David Pasquesi (born December 22, 1960) is an American actor and comedian. His screen credits include Groundhog Day, Strangers with Candy, Curb Your Enthusiasm, Return to Me, The Ice Harvest, Veep, At Home with Amy Sedaris, Lodge 49, and The Book of Boba Fett.

Early life
Pasquesi was born in Chicago and raised in Lake Bluff, Illinois. He graduated from Lake Forest High School.

Career 
Pasquesi starred in the short film Regrets that premiered An Event Apart, and co-starred in I Want Someone to Eat Cheese With. He wrote for Exit 57 and Strangers with Candy, co-wrote and appeared in the Spike TV series Factory, and co-wrote and co-starred in Cop Show. In 2009, he was in the cast of Angels & Demons, where he played the character Claudio Vincenzi.
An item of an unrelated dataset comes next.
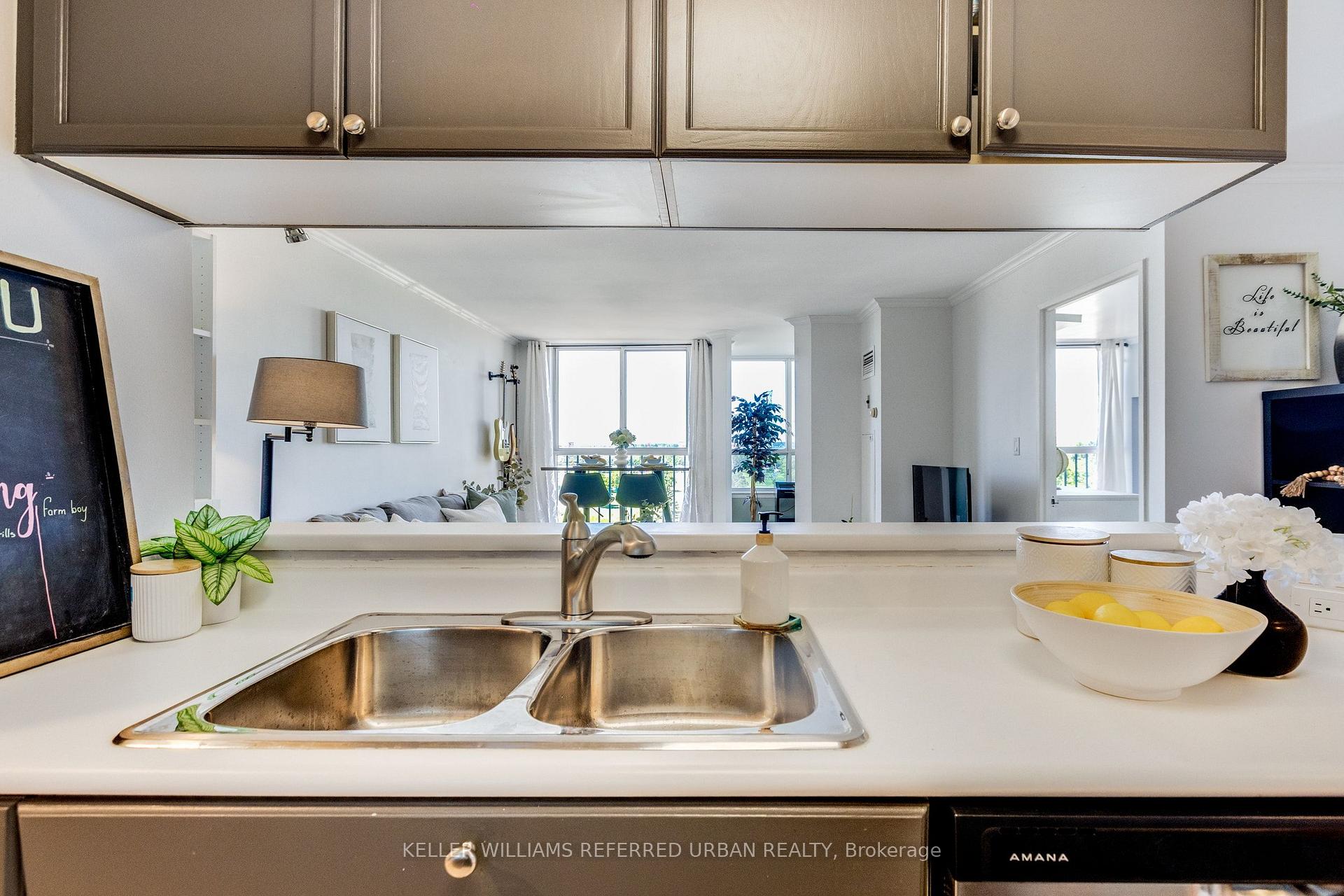 Photo 14 of Unit 703, 1625 Pickering Parkway, Pickering, Town Centre — HOMEH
He co-created and co-wrote the new show Merkin Penal. Similarly to his role of "Meat Man Stew" in Strangers With Candy, Pasquesi plays "Knife Man" in At Home with Amy Sedaris.

Pasquesi has performed at The Second City, iO Theater, Improv Institute, and Annoyance Theatre, and  studied under Del Close in the early 80s and became part of the first iO Harold team "Baron's Barracudas". He appeared in four mainstage revues at Second City as well as in plays at the Steppenwolf Theatre and the Goodman Theatre.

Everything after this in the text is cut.